*SUPPLIED MATERIAL*:

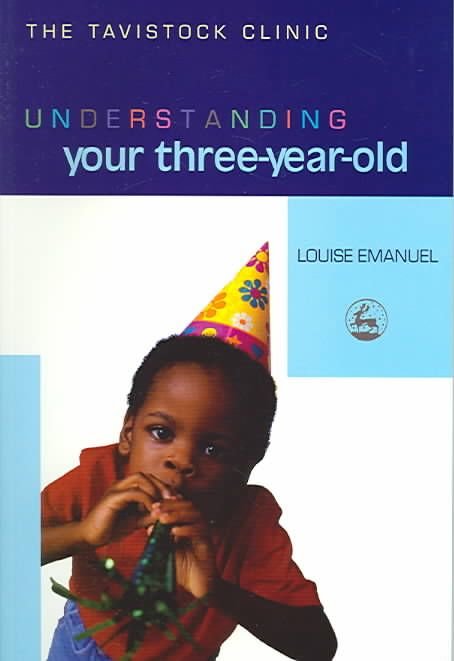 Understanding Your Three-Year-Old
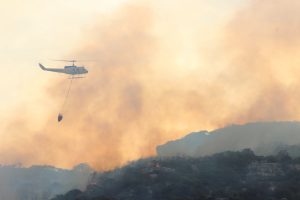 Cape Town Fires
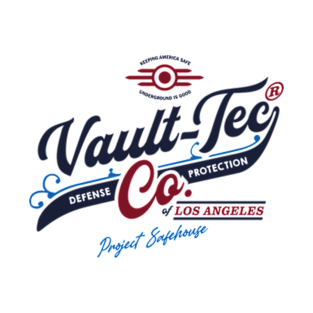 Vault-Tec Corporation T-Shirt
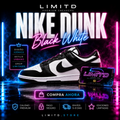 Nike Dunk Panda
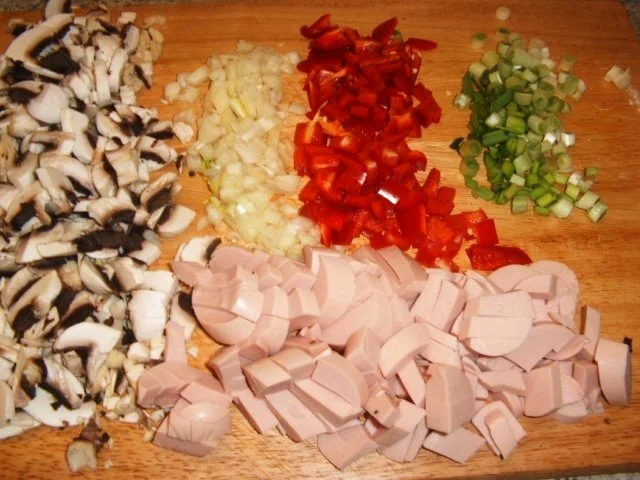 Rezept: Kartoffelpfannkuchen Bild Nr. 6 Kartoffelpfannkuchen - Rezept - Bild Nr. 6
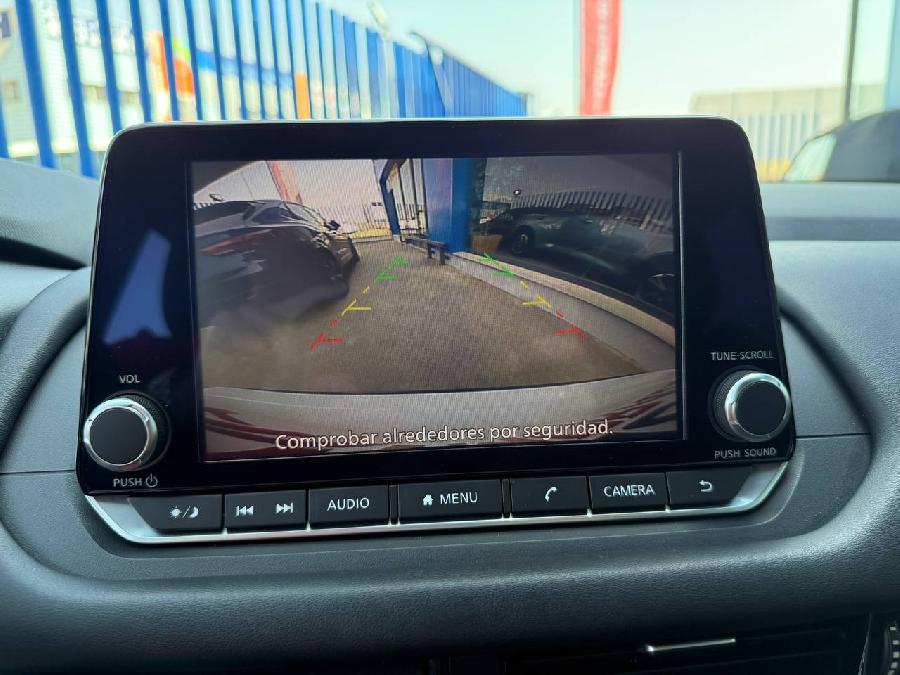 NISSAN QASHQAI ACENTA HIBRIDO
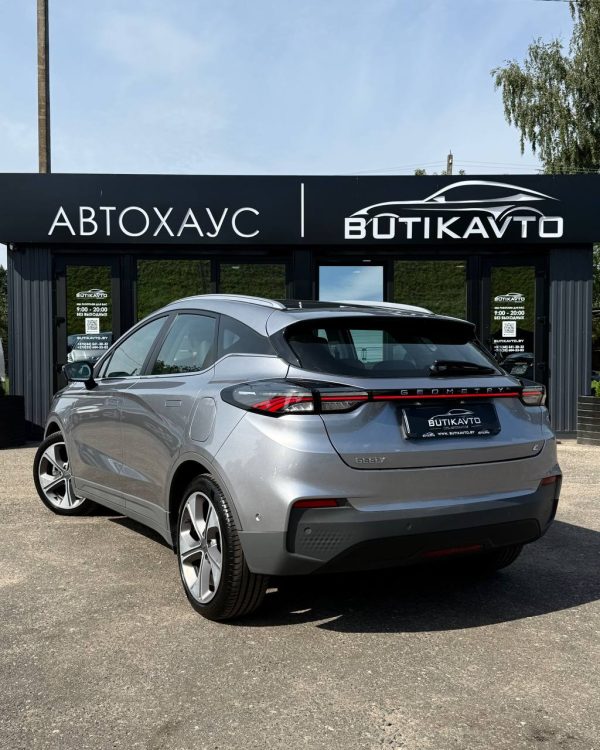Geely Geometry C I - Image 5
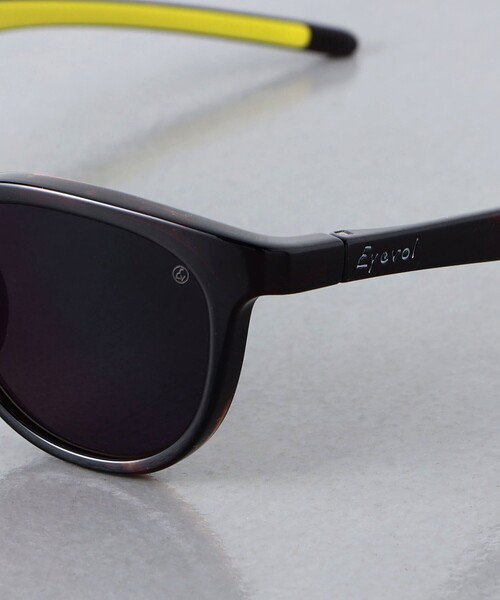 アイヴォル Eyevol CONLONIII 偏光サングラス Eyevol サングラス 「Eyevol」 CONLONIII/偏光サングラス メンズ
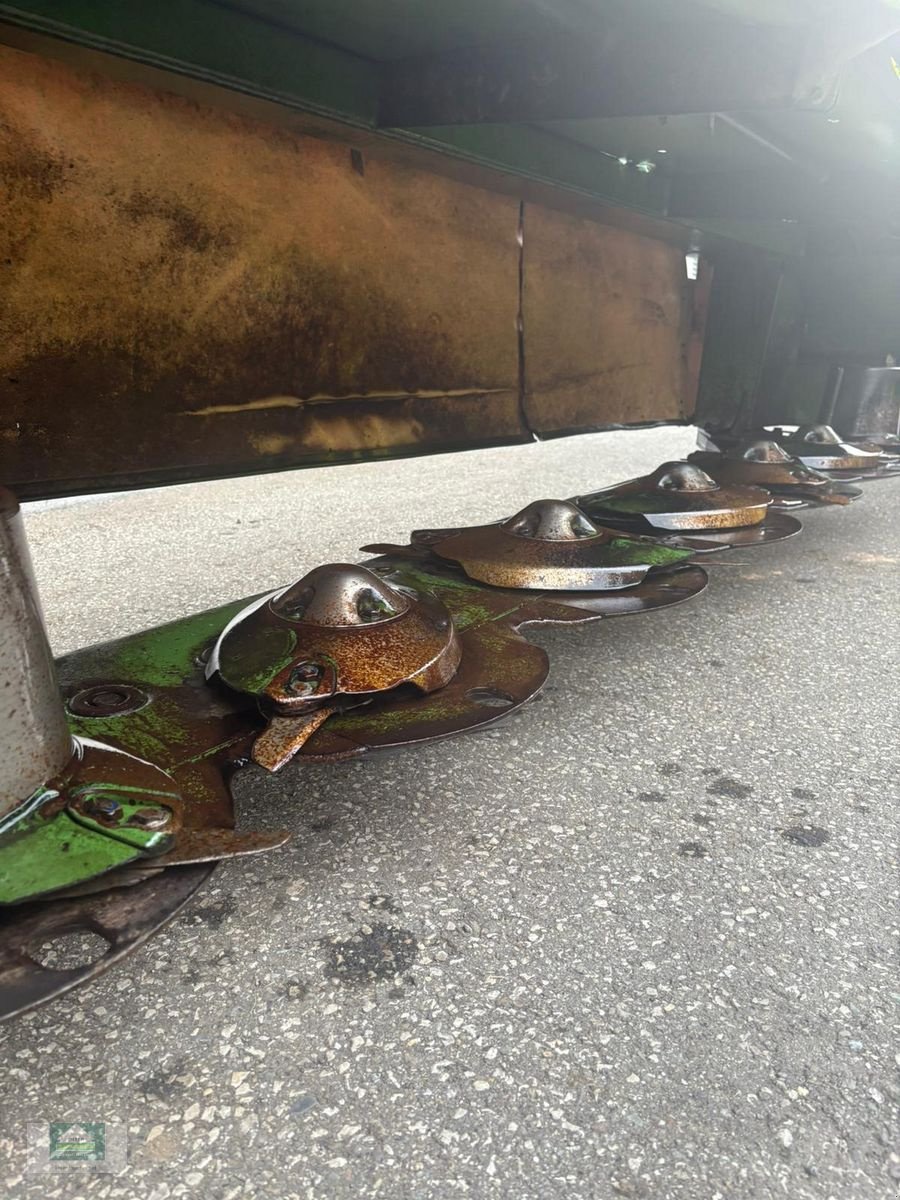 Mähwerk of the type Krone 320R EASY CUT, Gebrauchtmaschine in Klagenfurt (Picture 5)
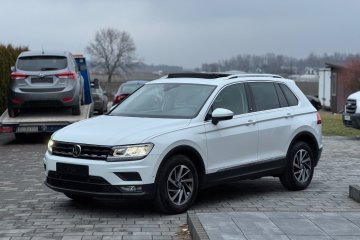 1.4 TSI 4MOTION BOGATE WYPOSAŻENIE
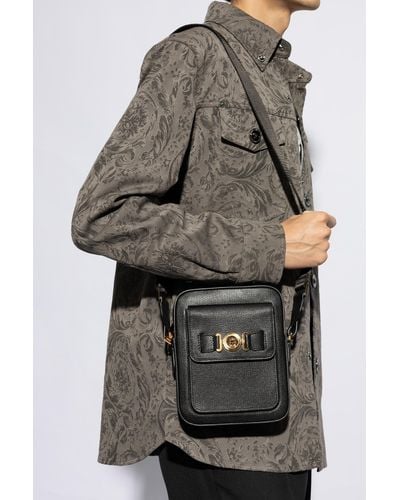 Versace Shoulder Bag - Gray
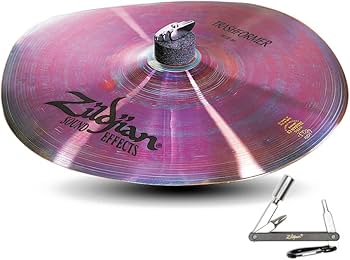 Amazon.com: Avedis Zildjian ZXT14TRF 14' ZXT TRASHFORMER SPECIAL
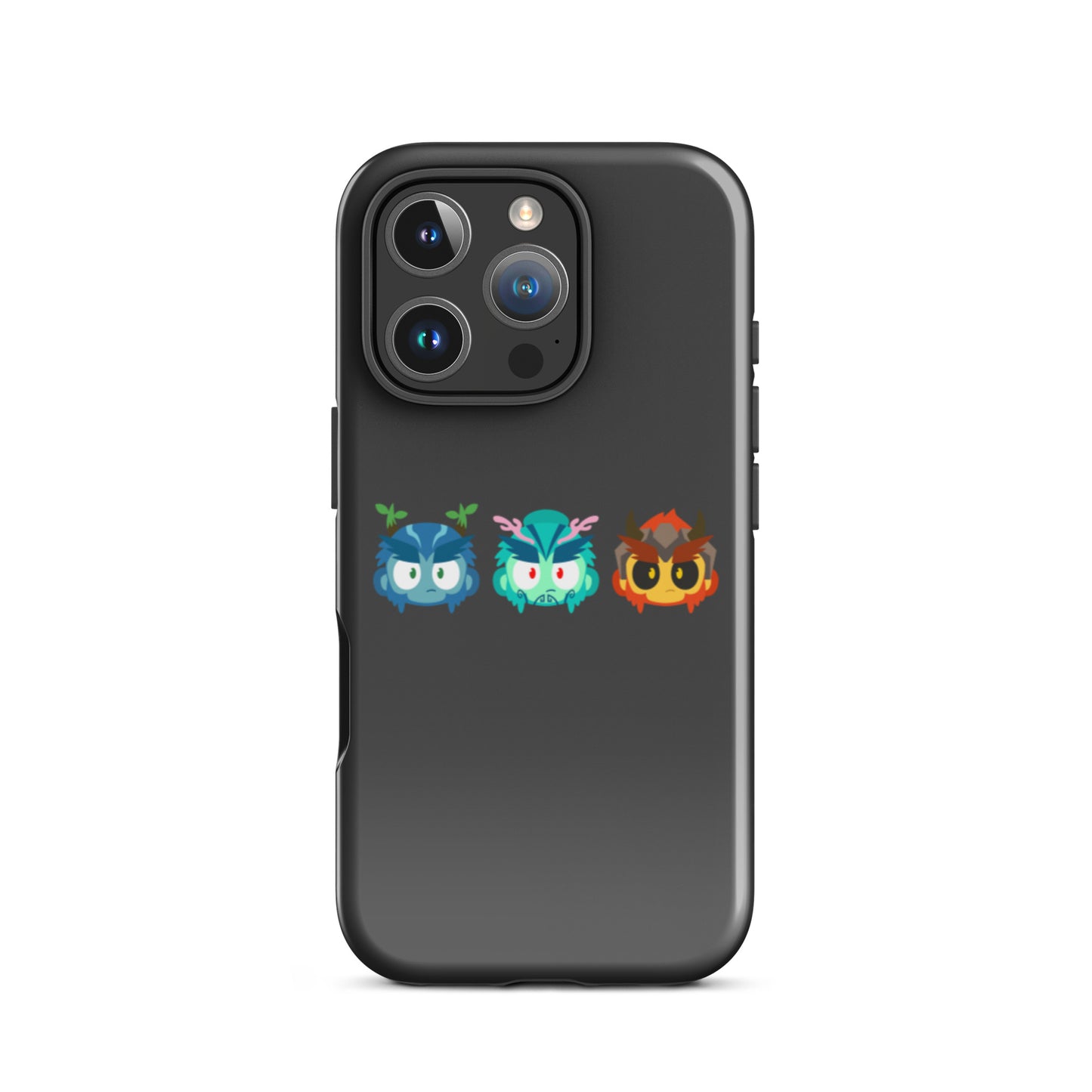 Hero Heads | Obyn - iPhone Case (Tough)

*WHAT YOU SHOULD DO*:
Transcribe the records above exactly, leaving out every picture.

*YOUR SOLUTION*:
 Understanding Your Three-Year-Old
 Cape Town Fires
 Vault-Tec Corporation T-Shirt
 Nike Dunk Panda
 Rezept: Kartoffelpfannkuchen Bild Nr. 6 Kartoffelpfannkuchen - Rezept - Bild Nr. 6
 NISSAN QASHQAI ACENTA HIBRIDO
Geely Geometry C I - Image 5
 アイヴォル Eyevol CONLONIII 偏光サングラス Eyevol サングラス 「Eyevol」 CONLONIII/偏光サングラス メンズ
 Mähwerk of the type Krone 320R EASY CUT, Gebrauchtmaschine in Klagenfurt (Picture 5)
 1.4 TSI 4MOTION BOGATE WYPOSAŻENIE
 Versace Shoulder Bag - Gray
 Amazon.com: Avedis Zildjian ZXT14TRF 14' ZXT TRASHFORMER SPECIAL
 Hero Heads | Obyn - iPhone Case (Tough)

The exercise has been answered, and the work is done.